(Items listed in a dataset)

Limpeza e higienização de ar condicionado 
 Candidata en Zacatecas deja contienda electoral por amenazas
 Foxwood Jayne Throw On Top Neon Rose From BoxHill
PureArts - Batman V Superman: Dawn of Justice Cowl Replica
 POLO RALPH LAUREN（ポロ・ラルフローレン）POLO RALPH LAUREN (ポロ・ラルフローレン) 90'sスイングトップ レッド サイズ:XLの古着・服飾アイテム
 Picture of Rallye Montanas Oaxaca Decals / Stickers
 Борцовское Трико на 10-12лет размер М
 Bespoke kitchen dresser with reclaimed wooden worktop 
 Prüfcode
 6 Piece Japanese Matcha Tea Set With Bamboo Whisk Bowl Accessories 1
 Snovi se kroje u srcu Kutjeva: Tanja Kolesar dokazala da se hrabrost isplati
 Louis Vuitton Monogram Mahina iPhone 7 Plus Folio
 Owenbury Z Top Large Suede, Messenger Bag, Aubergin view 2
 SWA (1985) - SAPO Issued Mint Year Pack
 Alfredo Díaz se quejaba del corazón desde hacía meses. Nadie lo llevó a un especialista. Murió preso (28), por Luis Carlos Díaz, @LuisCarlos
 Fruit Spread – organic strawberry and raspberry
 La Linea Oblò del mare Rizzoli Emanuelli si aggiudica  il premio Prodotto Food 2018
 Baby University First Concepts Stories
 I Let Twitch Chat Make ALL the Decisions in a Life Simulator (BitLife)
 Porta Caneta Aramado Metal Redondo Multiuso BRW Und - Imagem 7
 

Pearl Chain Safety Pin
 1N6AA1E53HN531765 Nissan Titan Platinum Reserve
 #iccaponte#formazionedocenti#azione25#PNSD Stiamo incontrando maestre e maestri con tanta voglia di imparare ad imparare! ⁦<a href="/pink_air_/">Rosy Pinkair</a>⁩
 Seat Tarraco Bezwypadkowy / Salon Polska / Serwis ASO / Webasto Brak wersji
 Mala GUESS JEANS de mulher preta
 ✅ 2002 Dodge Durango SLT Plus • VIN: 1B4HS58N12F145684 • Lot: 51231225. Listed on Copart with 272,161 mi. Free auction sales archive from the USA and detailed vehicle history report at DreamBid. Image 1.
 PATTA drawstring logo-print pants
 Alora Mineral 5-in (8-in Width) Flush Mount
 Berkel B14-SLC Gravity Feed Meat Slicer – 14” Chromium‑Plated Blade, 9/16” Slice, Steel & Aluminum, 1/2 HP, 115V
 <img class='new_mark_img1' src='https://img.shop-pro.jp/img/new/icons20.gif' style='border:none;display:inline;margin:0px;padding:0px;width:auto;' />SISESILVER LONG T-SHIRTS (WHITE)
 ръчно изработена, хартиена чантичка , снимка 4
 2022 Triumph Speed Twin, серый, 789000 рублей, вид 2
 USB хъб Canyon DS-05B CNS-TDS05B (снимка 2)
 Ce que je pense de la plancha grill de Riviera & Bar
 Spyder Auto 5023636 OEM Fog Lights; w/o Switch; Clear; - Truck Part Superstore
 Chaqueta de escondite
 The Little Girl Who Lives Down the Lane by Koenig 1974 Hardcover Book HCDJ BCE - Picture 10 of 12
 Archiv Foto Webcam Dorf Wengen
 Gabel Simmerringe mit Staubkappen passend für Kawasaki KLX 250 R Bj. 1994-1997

▸ **Required work**
The lines above from the one containing "Porta Caneta Aramado" through the one containing "Chaqueta de escondite" are to be set down exactly, and no others.

▸ **Answer box**
 Porta Caneta Aramado Metal Redondo Multiuso BRW Und - Imagem 7
 

Pearl Chain Safety Pin
 1N6AA1E53HN531765 Nissan Titan Platinum Reserve
 #iccaponte#formazionedocenti#azione25#PNSD Stiamo incontrando maestre e maestri con tanta voglia di imparare ad imparare! ⁦<a href="/pink_air_/">Rosy Pinkair</a>⁩
 Seat Tarraco Bezwypadkowy / Salon Polska / Serwis ASO / Webasto Brak wersji
 Mala GUESS JEANS de mulher preta
 ✅ 2002 Dodge Durango SLT Plus • VIN: 1B4HS58N12F145684 • Lot: 51231225. Listed on Copart with 272,161 mi. Free auction sales archive from the USA and detailed vehicle history report at DreamBid. Image 1.
 PATTA drawstring logo-print pants
 Alora Mineral 5-in (8-in Width) Flush Mount
 Berkel B14-SLC Gravity Feed Meat Slicer – 14” Chromium‑Plated Blade, 9/16” Slice, Steel & Aluminum, 1/2 HP, 115V
 <img class='new_mark_img1' src='https://img.shop-pro.jp/img/new/icons20.gif' style='border:none;display:inline;margin:0px;padding:0px;width:auto;' />SISESILVER LONG T-SHIRTS (WHITE)
 ръчно изработена, хартиена чантичка , снимка 4
 2022 Triumph Speed Twin, серый, 789000 рублей, вид 2
 USB хъб Canyon DS-05B CNS-TDS05B (снимка 2)
 Ce que je pense de la plancha grill de Riviera & Bar
 Spyder Auto 5023636 OEM Fog Lights; w/o Switch; Clear; - Truck Part Superstore
 Chaqueta de escondite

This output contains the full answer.